Le gouvernement allemand embrasse l’hydrogène comme un des axes de l’« Energiewende ». L’empressement de la grande coalition à vouloir sanctuariser la place de l’hydrogène dans sa stratégie climatique est cependant quelque peu suspecte. Pourquoi tant de plaidoyers dithyrambiques pour cette solution si elle vraiment aussi performante en termes d’empreinte carbone ?
Dans la discussion sur les solutions décarbonées, le dihydrogène a cette particularité de ne pas être à proprement parler une source d’énergie – la molécule n’existant pas sur terre à l’état non lié – mais un vecteur d’énergie censé nous aider à décarboner : un combustible produit par vaporeformage ou électrolyse en amont de son utilisation et dont l’ignition entraîne l’émission de vapeur d’eau, mais pas de CO2 ou d’aérosols.
Bien qu’incolore, l’hydrogène a été affublé dans cette discussion des adjectifs « vert » et « gris ». Le premier résulte d’une production à partir d’énergies renouvelables, le second suppose un recours aux hydrocarbures. Or, la stratégie développée à Berlin prévoit de faire commencer l’ère de l’hydrogène par une importation massive d’hydrogène produit à l’aide de méthane.
Les experts des groupes industriels allemands – que le gouvernement entend charger de faire de l’hydrogène un des pivots de la transition énergétique – présentent ces jours-ci au Bundestag leurs solutions de production, de stockage et de transport, rapporte le site spécialisé Klimareporter.de. L’un d’eux évoque une proportion de 80 pour cent pour cent d’importation par l’Allemagne d’hydrogène gris à l’horizon 2030, une ventilation certes bancale du point de vue de la décarbonation mais, assure-t-il, indispensable si l’on veut garantir aux entreprises allemandes un prix compétitif de ce gaz non carboné. Un représentant de Siemens Energy préconise de miser pragmatiquement sur des solutions hybrides plutôt que de s’enliser dans des discussions idéologiques. Une entité spécialisée de l’institut Fraunhofer jure que de l’hydrogène vert pourra être produit sous peu et massivement à des prix compétitifs dans des régions du monde où le kWh d’origine renouvelable est suffisamment bas.

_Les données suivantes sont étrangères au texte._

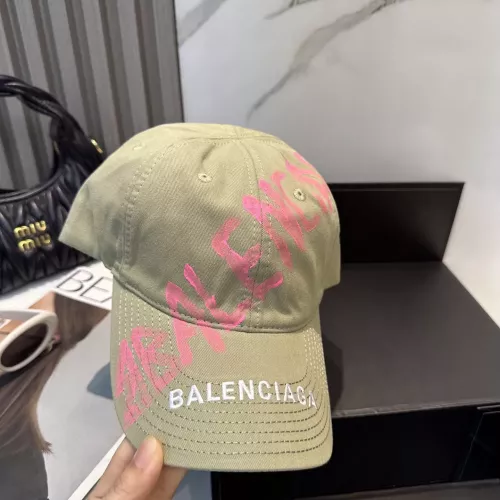 Wholesale Balenciaga Caps #1349804 $27.00 USD, Wholesale Quality Replica Balenciaga Caps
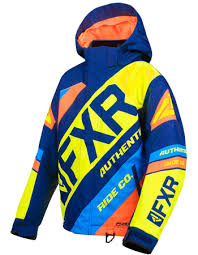 Fxr Youth Cx Jacket At Up North Sports Jackets Snowmobile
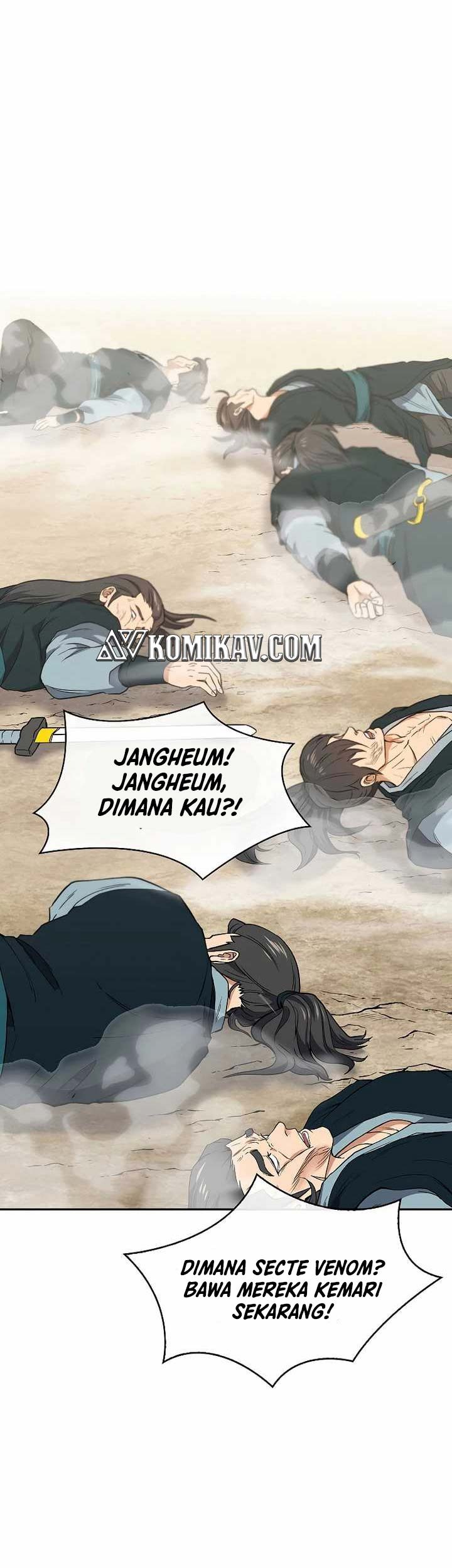 Storm Inn Chapter 62 - halaman 2
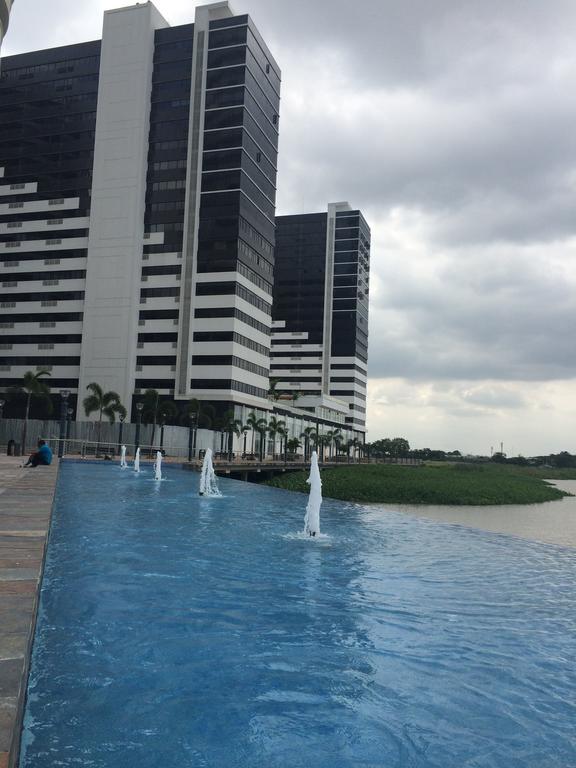 Apartmán Torre Bellini Guayaquil Exteriér fotografie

La discussion est à la fois très technique et grevée d’incertitudes. A quelle vitesse pourront être créées les infrastructures nécessaires à ce remodelage prométhéen ? Quels coûts de revient engendreront-elles ? La demande d’hydrogène sera-t-elle au rendez-vous ? La méfiance est de mise pour plusieurs raisons. Cette stratégie semble servir davantage l’industrie allemande que la transition énergétique. Par son recours au méthane, tributaire de gazoducs ou de navires gaziers, elle pérennise un modèle centralisateur, le contraire des maillages distribués que permettent les renouvelables. Elle ferme les yeux sur le péché originel du méthane, dont on sait désormais qu’il s’échappe dans l’atmosphère en grandes quantités lors de son extraction et contribue de ce fait massivement au réchauffement. La stratégie allemande de l’hydrogène risque de s’avérer d’ici quelques années être un Monopoly du méthane – un va-banque incompatible avec l’urgence climatique.